Esse desfecho salutar entre as “palavras personagens” é, enfim, o tão almejado estilo. Um trecho do Cântico dos Cânticos de Salomão abre a discussão que termina com essa união de opostos entre as “palavras personagens”. Caro leitor, seria hora de perguntar: e o idílio que o cônego constrói vem se mostrar à luz do céu e às brumas da alma? O que se sabe ao final é que o autor aponta para seu leitor e indaga: estamos preparados para adentrar no ventre macio das palavras? Parece-me que Sílvio e Sílvia (sempre nessa ordem) enfim se encontraram. Onde? No papel, é claro.

Eis aí, em linhas gerais, a prodigiosa viagem pelos desvãos do homem e vielas estreitas e fundas da linguagem. O leitor jamais será o mesmo depois do cansaço de andar por aí a perseguir palavras que são difíceis de alinhavar. E por onde estará vagando o cônego? Por esse mundo vasto, armado com uma rede para caçar palavras em lugar das borboletas. Silvia e Sílvio? Esses estão bem casados.

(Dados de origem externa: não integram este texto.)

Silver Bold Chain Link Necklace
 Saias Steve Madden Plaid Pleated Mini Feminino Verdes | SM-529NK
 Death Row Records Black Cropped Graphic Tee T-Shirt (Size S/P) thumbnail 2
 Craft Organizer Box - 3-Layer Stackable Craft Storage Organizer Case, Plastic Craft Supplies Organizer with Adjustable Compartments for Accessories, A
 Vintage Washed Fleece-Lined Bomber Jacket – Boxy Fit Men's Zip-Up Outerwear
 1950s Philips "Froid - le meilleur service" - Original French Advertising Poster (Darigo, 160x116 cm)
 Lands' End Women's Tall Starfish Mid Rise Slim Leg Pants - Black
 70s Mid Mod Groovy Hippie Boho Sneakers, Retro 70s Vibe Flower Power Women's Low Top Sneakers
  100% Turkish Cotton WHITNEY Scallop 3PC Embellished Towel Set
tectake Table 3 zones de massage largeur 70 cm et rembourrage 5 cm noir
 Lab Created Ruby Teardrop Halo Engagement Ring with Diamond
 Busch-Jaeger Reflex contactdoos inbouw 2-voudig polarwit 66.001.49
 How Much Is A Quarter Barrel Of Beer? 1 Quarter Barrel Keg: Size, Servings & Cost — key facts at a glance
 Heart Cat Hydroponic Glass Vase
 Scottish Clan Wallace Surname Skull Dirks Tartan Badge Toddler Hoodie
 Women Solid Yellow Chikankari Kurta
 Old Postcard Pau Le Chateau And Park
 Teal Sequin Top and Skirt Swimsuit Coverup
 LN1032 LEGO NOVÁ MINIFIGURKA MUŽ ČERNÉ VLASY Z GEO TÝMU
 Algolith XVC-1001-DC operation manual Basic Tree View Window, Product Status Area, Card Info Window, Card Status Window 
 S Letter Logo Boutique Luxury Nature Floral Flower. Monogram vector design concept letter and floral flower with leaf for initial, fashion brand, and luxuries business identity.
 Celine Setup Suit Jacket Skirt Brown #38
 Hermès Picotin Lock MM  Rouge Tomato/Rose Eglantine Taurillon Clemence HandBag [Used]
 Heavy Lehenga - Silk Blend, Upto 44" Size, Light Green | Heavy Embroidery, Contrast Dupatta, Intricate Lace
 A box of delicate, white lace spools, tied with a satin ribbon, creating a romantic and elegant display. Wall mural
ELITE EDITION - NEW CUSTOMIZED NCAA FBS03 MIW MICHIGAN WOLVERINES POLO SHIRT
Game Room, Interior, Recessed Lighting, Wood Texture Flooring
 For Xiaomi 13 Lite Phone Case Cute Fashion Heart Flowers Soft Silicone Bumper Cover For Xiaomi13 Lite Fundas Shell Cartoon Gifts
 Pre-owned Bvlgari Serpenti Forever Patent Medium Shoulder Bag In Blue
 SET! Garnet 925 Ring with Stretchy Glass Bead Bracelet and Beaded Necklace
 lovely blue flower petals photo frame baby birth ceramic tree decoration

E os substantivos e adjetivos serão mesmos seus substitutos? Não se esqueça, amado leitor, que a metafísica não estuda o estilo, mas... o quê mesmo? O autor, o velho bruxo, fez essa confusão com o significado de palavra tão inacessível por desconhecimento? Ou ele está consciente da confusão que gera na cabecinha dos seus leitores e dos examinadores das bancas dos vestibulares? Machado sempre será Machado.

Será que Sílvio e Silvia continuam agarradinhos como um objeto direto gruda no verbo transitivo direto? Por exemplo: “Sílvio (sujeito simples) adora (verbo transitivo direto, predicado verbal) Sílvia (objeto direto)”. De fato, eles se conjugam bem, são transitivos. Matias, na igreja de sua paróquia, depois de ter desistido de compor o idílio que nunca saiu de sua cabeça, ensaia o sermão da próxima missa. Mas calma! Na análise sintática acima há um sutil detalhe a acrescentar. Como o objeto direto do verbo “ama(r)” é um nome próprio (Sílvia), o objeto direto aceita preposição e passa a chamar-se “objeto direto preposicionado”. Amém!